I’d already identified them as the people we needed to talk to but couldn’t get through on the phone. The housing officer told me he’d made a direct referral, but he blinking well hadn’t as she had never heard of him or had had any such thing, it was my persistent phone calls, culminating in an out of hours wail to Adult Social Care, that did the job.

But she finally came, and immediately sussed out the problem and within half an hour has ordered a hearing loop system for Nick’s room so that he can have his TV and radio as loud as he likes with his hearing aids as headphones and no bother to the neighbours. Geeenee-yuss.
It’ll take a couple of weeks, maybe three, but she estimates it will be with him by the end of the month. You can’t imagine the relief. I’m going to tell the man upstairs the good news and ask him to hold his nerve just a wee bit longer, and cross all my bits for a bit of a lull in the turf wars.

And today we’re getting Nick’s new electric wheelchair delivered, all courtesy of our wonderful NHS and the Red Cross.

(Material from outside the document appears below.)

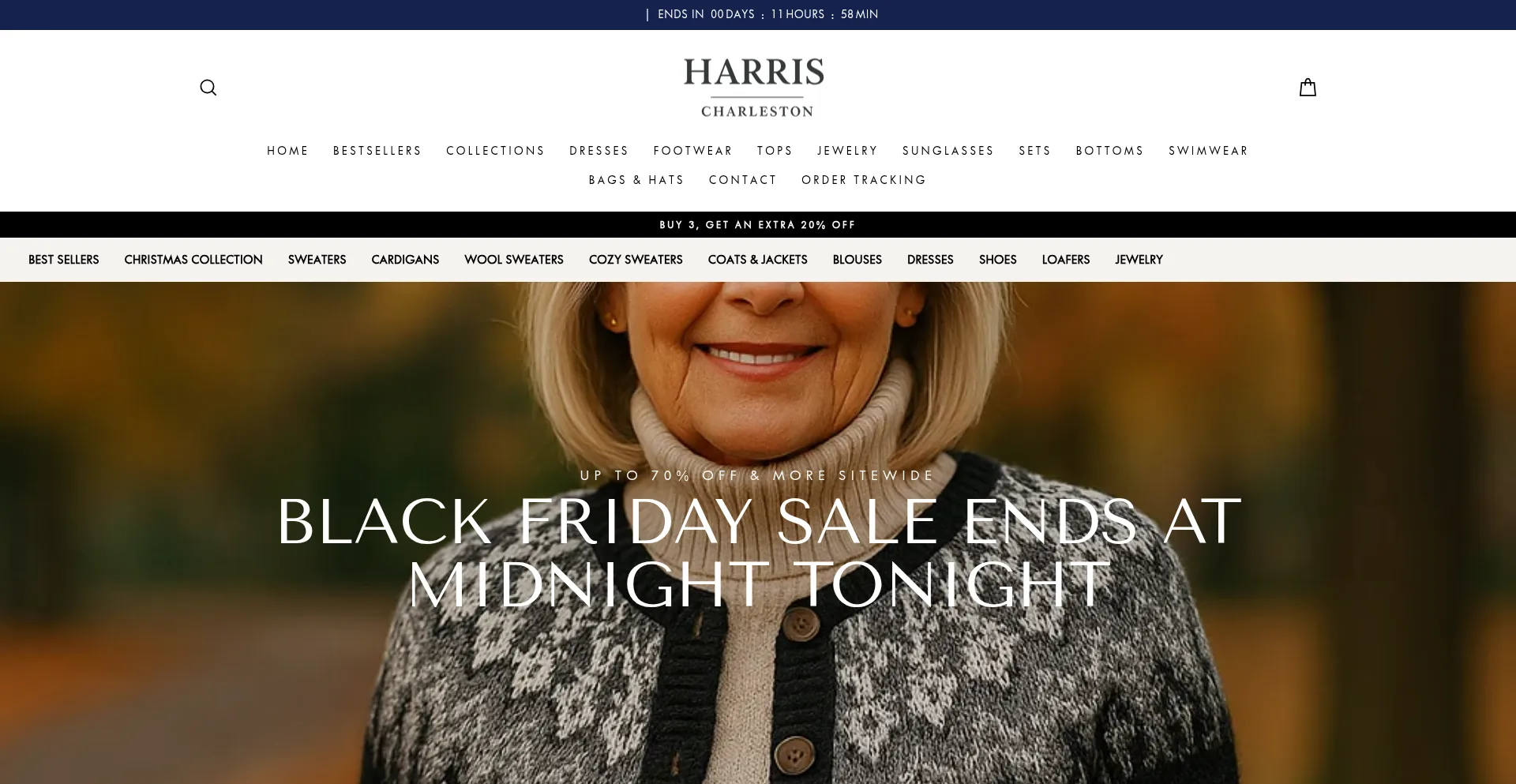 Harris-boutique.com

He won’t be able to use the controls himself, it’s the kind that someone else has to operate because his movements are too erratic. But it will make life a lot easier, I think, and give Nick a bit of gravitas; we’ve been joking that he looks like some kind of veteran in his current one, on loan from the Red Cross and with their giant logo on the back as if he’s just been air-lifted from some hideous war zone. Though what am I saying – every day with Huntington’s is a hideous war zone, neighbour problems or no.

The new chair has got a power pack and everything and as Simon says, will make it a whole lot easier to push Nick uphill to the pub. 
So it's been a positive week so far, and Nick always did love a gadget. Just like that stupid song by 2unlimited, I feel like singing, There’s no limits!